Sculpted Interaction: a Design-First Approach to AI Alignment
Standard chatbots are a security risk for AI alignment. Here's a design fix.
Magfrump's 'Sculpted Interaction' argues that the biggest vulnerability in AI alignment is not the model itself but the interface through which humans interact with it. The standard chatbot format, derived from the 'assistant' framing in early safety research, was never optimized for human interaction—foundational papers like 'The Assistant' and GPT-2's release contain zero mentions of UX, HCI, or user studies. This format promotes sycophancy, anthropomorphism, and allows users to disengage from critical thinking, directly undermining alignment goals.

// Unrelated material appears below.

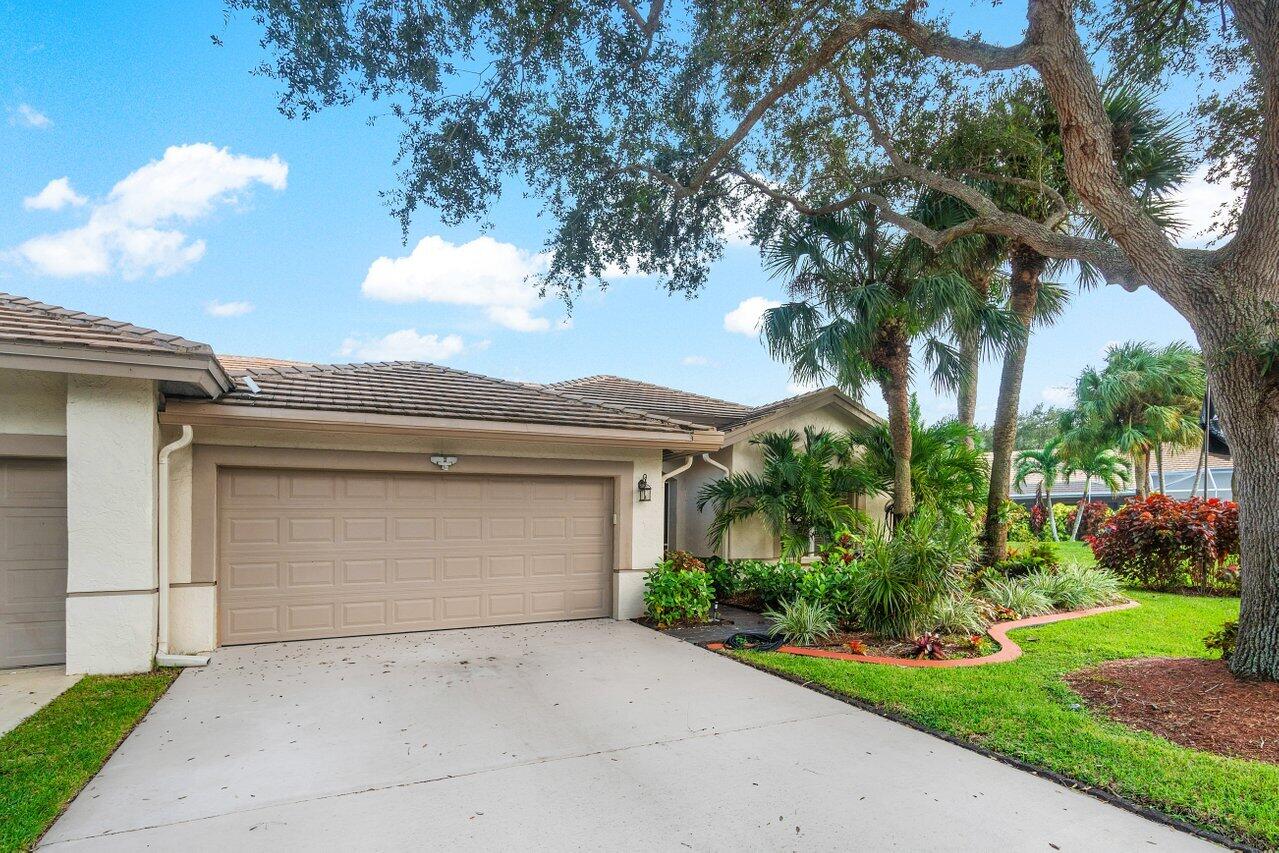 001-7465RockbridgeCircle-LakeWorth-FL-33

Instead of behavioral nudges, Sculpted Interaction proposes lower-level architectural choices that constrain interactions to prioritize purpose matching and agency. By making structures that force users to stay focused on their intended goals and verify AI outputs, the approach aims to preserve human values even as AI capabilities grow. The work, completed under Groundless’ Autostructures project at AI Safety Camp, calls for engineering attention on interface design as a core alignment strategy, not an afterthought.
- Chatbot 'assistant' framing originated from safety research, not HCI—foundational papers lack any UX or UI references
- Standard interfaces promote sycophancy and anthropomorphism, burying capability gaps and undermining human judgment
- Proposed alternative: architectural choices that structurally favor beneficial use over misuse, without relying on behavioral nudges
Why It Matters
Redesigning AI interfaces to preserve human agency is as critical as model alignment for safe superintelligence.